Bette somehow manages to medley Sentimental Journey and Boogie Woogie Bugle Boy, so Alcorn is honour-bound to do same. Making it work, since the transition is so dramatic, is another thing. But again, she’s ready for it. And for us. Even amidst the rich catalogue that is Midler’s music, it’s hard to go past to the fun-loving nostalgia of The Andrews Sisters wartime jump-blues classic. Probably no accident it’s rated number six on Songs Of The Century, an American recording industry educational initiative which involved a cross-section comprising hundreds of votes from people who, on the whole, might know.

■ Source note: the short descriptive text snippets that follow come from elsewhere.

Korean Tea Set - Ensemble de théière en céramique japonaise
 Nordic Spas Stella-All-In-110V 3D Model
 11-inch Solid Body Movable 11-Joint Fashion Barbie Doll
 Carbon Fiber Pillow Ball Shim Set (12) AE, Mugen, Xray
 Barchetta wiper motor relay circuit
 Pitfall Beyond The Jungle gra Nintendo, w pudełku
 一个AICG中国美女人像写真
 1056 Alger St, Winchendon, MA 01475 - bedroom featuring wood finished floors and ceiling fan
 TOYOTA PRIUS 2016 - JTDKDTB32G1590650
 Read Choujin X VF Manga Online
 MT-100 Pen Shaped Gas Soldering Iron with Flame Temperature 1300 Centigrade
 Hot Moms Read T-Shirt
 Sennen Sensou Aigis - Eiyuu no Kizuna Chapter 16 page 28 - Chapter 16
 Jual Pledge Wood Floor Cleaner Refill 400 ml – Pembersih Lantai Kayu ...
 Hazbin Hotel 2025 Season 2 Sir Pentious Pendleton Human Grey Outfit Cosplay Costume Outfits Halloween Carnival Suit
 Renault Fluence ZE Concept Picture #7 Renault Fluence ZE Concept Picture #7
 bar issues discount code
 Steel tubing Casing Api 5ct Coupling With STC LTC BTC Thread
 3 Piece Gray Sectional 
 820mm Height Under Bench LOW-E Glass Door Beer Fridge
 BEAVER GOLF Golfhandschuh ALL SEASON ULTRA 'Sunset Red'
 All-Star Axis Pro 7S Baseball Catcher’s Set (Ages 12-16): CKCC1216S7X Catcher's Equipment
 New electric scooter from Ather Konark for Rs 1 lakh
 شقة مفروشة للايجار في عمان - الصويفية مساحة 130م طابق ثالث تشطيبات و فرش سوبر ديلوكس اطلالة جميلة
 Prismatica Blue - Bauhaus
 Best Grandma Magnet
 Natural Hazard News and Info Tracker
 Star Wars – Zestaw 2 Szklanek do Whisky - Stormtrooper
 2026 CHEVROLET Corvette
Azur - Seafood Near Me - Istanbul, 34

The Divine Miss A does The Divine Miss M divinely. Even Mr Rabbit and Cardinal Pill would approve of that much divinity. Even if they didn’t subscribe to the global warming that comes from all the bawdy gags. There is one caveat: the pre-recorded backing tracks were woeful; as cheap and nasty as they come. I realise a brass section, for example, bolsters (or would) Bette’s/Alcorn’s bold delivery, but I’d rather settle for just piano (perhaps Barry was all she had a the CB) if I can’t have the real thing.
The details: The Devine Miss Bette played the Slide Lounge on June 15, with further shows on July 20 and December 19. Tickets via Ticketek.